Market participants pushed the US dollar a tad lower on the index and lifted gold prices by about half a percent in the hopes that the Fed’s meeting minutes might contain a much-awaited hint that there will be some type of easing to come out of the next gathering of the FOMC on August 1st. More on that whole issue will follow below.

Suffice it to say that we have repeatedly warned that pinning hopes (and trades) on a single factor (easing by the Fed) that remains as nebulous as could be, is a market-unhealthy construct.

"Fedspectations" have been almost completely defining the tenor in this investment sector ever since the doling out of QE2 back in November of 2010. Then again, upon the unleashing of that stimulus package we were presented with "erudite" articles on why that action meant nothing less than the actual demise of the US dollar-based currency system and the imminent advent of a hybrid gold standard. We were also assured that the Fed had completely run out of stimulus ammo and that there was nothing else left to do but to wait for hyperinflation to take hold. We all know how those forecast panned out.

Spot dealings this morning saw gold advance by $8.5 to $1,575 and silver rise 27 cents to $27.08 per ounce. Platinum and palladium also climbed but by only a more modest $1 and $3 respectively. The former was quoted at $1,421 per ounce and the latter at $578 on the bid-side. One bit of good fundamentals-based news was available to parse as regards rhodium. The noble metal’s surplus is anticipated to shrink by 62% this year and dip towards the 53,000 ounce level, owing to record worldwide automobile sales. Analysts project a price tag of $2,000 to be attached to one ounce of the exotic metal by the end of next year, according to Bloomberg News. That would constitute a 62% gain from current levels, and, for gold to match that feat, it would have to be trading around $2,500+ per ounce.

Once again, the gold bulls attempted to reclaim the $1600 value level but their efforts proved quite unsuccessful by the early afternoon hours on Tuesday. After reaching a spot-offer high of $1,603 in lively morning dealings, despite a firm dollar, the yellow metal finally succumbed to the US dollar’s seemingly inexhaustible strength (and the euro’s on-going weakness) and it fell fairly hard, along with the rest of the precious metals, as well as with crude oil prices. On Tuesday, the Energy Information Administration lowered its projections for global oil demand for this year as well as next.

Lows in gold at near $1,563 per ounce on the bid-side were being recorded by the 3:00 o’clock hour in New York and the day’s former $11 gains turned into $24+ losses in a hurry, amid thin but volatile conditions. Gold closed $20.80 lower last night at $1,566.50 — only $3 from the session’s lows. Silver prices fell back by 2% to very near the important $26.50 pivot point and lost over 50 cents per ounce to close at $26.81 after darting across a $1 range during the session.

The white metal’s price prospects for the remainder of the year have been revised lower by Global Hunter Securities.

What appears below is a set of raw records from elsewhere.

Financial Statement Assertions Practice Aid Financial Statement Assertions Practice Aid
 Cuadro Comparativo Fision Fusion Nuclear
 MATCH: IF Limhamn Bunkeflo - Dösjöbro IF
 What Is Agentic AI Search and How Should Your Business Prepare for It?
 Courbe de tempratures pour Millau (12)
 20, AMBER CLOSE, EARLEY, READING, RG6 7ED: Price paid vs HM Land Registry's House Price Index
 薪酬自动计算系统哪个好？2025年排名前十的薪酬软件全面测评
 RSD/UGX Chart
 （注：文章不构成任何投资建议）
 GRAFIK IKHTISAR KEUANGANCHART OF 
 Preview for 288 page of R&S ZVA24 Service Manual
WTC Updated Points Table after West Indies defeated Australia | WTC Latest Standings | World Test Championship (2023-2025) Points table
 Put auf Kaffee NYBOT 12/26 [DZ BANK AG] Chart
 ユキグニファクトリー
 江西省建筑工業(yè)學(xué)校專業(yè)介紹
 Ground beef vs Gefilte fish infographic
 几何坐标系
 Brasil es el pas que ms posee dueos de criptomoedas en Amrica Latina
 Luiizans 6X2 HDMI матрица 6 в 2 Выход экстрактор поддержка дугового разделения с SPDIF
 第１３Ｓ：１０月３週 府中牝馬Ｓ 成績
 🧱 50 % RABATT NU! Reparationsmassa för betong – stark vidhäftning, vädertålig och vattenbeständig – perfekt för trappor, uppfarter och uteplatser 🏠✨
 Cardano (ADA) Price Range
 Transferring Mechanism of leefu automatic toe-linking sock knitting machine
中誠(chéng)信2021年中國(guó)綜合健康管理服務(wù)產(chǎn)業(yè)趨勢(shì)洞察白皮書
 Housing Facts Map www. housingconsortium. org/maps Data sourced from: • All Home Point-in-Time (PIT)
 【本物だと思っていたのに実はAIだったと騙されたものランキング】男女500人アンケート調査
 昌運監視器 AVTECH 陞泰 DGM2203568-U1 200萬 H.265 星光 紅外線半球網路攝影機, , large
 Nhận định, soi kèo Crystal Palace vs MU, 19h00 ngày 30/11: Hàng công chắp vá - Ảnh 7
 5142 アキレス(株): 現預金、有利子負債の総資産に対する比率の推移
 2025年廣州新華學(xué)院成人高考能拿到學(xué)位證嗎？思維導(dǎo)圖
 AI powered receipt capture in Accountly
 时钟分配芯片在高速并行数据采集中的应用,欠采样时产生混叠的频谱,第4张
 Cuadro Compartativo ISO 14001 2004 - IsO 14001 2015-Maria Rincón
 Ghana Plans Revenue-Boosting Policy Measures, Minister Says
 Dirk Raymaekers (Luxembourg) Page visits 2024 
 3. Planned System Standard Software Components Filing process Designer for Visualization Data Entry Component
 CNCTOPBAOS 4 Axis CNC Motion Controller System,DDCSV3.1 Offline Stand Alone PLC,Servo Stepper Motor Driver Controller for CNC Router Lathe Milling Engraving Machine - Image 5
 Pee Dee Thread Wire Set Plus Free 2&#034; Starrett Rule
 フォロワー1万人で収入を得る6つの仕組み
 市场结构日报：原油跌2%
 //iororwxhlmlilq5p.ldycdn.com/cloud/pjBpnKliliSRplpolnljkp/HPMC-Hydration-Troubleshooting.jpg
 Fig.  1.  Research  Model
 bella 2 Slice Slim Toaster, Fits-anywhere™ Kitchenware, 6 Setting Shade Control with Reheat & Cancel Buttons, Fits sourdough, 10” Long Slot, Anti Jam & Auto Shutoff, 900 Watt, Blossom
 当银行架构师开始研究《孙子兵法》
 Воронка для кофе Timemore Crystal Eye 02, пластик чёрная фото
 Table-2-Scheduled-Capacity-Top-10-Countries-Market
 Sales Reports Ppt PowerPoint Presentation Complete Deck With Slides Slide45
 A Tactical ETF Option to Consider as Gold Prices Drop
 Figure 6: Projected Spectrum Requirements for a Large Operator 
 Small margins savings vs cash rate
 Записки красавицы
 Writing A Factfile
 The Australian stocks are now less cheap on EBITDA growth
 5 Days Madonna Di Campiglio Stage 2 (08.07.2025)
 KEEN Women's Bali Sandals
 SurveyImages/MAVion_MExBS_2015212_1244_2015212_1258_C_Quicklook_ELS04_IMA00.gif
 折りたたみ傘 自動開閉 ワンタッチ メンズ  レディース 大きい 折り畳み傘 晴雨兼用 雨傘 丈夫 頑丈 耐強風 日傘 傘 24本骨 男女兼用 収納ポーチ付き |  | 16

The firm’s analysts reason that they see more downside risk than upside potential in silver for the next six months as "accumulated supplies of silver in the U.S. combined with stagnant trends in the world’s industrial utilization of silver (especially in computers, photographic processing and other electronics) suggest to us that prices could trend lower, perhaps testing the low $20s during 2H 2012."

Silver has fallen 25% in the past 12 months and 15% during the second quarter of this year. It is a metal with anything but decent supply/demand fundamentals (i.e. ample supply and over-reliance on investment demand at a time when its essential industrial demand is flagging).

EW analysis issued Monday evening notes that unless the recent highs in gold (at $1,625) and in silver (at $28.50) are convincingly overcome — a paradigm that would require a reassessment of short-term trends in the two metals- the targets of $1,300 and $22 respectively, remain on the charts’ at this juncture. By the same token, the breakout by the US dollar on the trade-weighted index is undeniable and it looks as follows on this CNBC-sourced candlestick chart:

Of note is the beginning of the trend-line at 73.5 in September of last year (almost coincidental with the $1,927 high in spot gold). The greenback has been gaining strength ever since. However, the watershed point came with the breach of the 81.5 previous resistance level back in May and a subsequent retest of the same support shelf. The development yields low (or near nil) odds of any imminent break under 80.50 to 81.5 on the scale and it also possibly portends a more dynamic and accelerated upward push to a target of 89-90.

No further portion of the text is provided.